The IFPI, or International Federation of the Phonographic Industry, or “the global RIAA,” has released their 2012 Digital Music Report and it is, as usual, a collection of absolutely unintentional comic gems.
As you might expect from a company whose very name is outdated, their understanding of piracy and technology is a little, ah, hazy. For example:
With a healthy 8 percent increase in our digital revenues in 2011 – the first time the annual growth rate has risen since records began in 2004 – some might feel tempted to say that a troubled era for the music industry is coming to an end. Such complacency now, however, would be a great mistake.
So, wait, wait, wait. After years, years, of griping that technology is murdering your billion dollar industry and that the Googles Took Your Moneys, you see a reversal in digital sales that means you’re turning a profit again, and it’s still not enough?
Believe it or not, it gets better:
The result of this activity is effectively a rigged music market. Legal services, whatever their model, incur the business costs of being authorised and paying rights owners, as well as investments to develop secure payment methods and good quality services. This model is unsustainable when facing competition from infringing services that have greatly reduced costs and circumvent the normal rules of commercial business.

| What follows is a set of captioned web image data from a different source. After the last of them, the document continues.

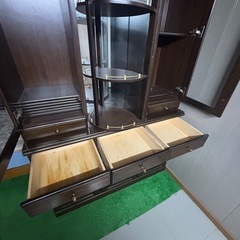 食器棚？キャビネット？激安にてお譲りします。かなり素敵です。傷少なく美品だと思いますの画像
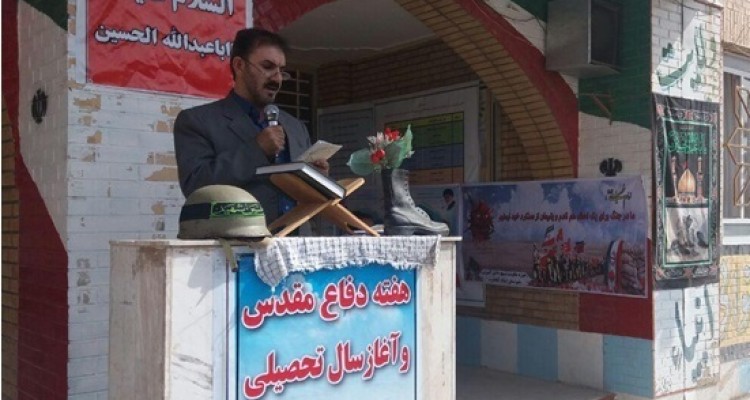 روایت خاطرات دوران دفاع مقدس برای دانش آموزان اسلام آبادغرب+عکس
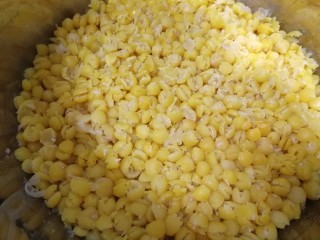 7、豌豆糕,水份放的刚好,豌豆已经开花了。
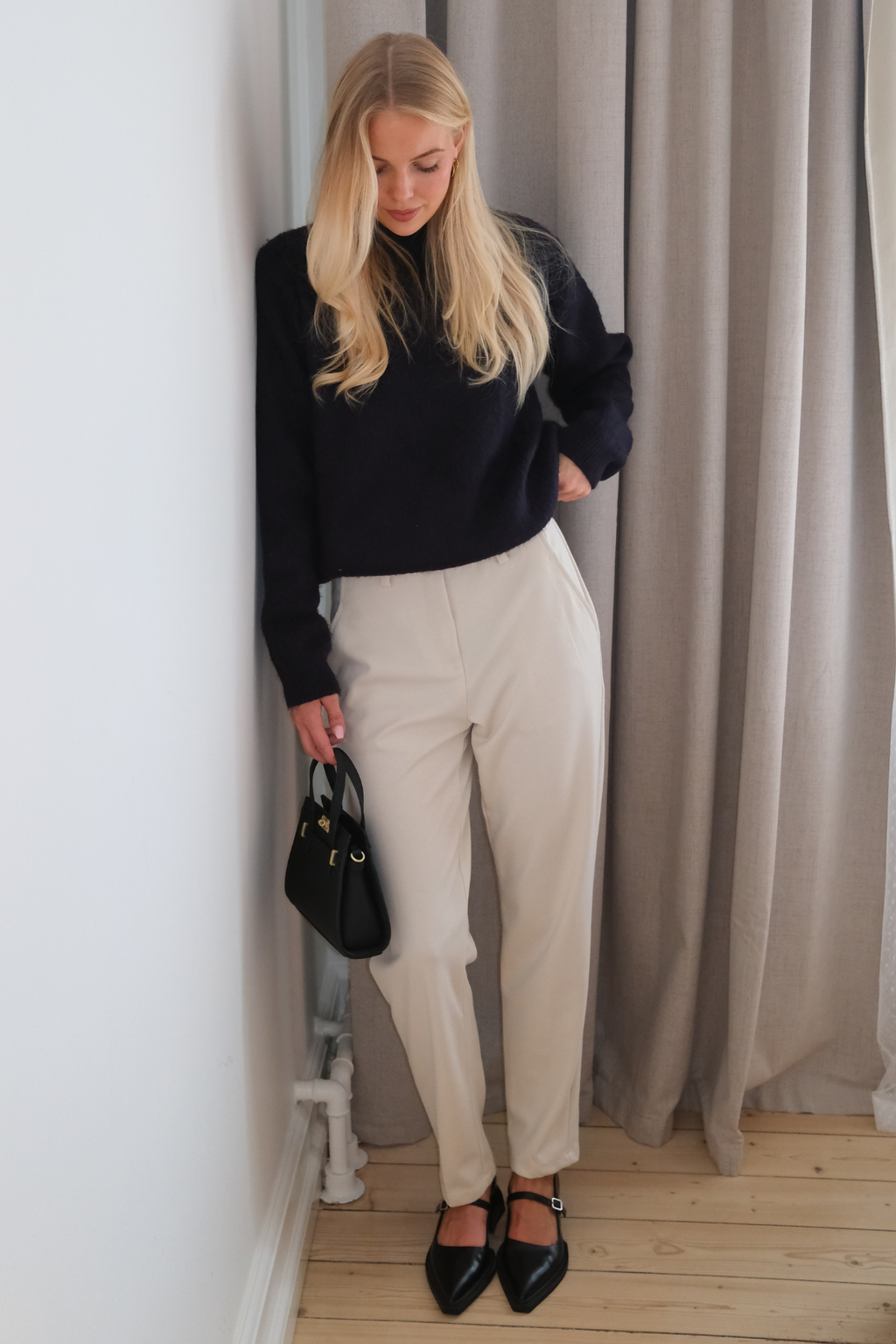 Hazel Stickad Tröja - Navy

A commercially sustainable digital music sector needs an environment in which the industry can effectively enforce its rights.
Yeah, Apple is bleeding from piracy. Apple is bleeding so, so badly from piracy. And Amazon! Amazon is battered in the gutter!
WON’T ANYBODY THINK OF THE POOR PROFIT-CRANKING MULTINATIONAL CORPORATIONS?
In all seriousness, while this isn’t nearly as bad as the MPAA’s whiny little press release we told you about, it does display a worrying refusal by the IFPI to accept that they already have the tools they need, even when they acknowledge that, holy crap, this law enforcement stuff really works on actual criminals, breaking actual laws!
We don’t think artists should be ripped off, but we also don’t think it’s the Internet’s fault that a bloated, complacent industry has to adjust to a new, less profitable reality where technology is always ahead of them.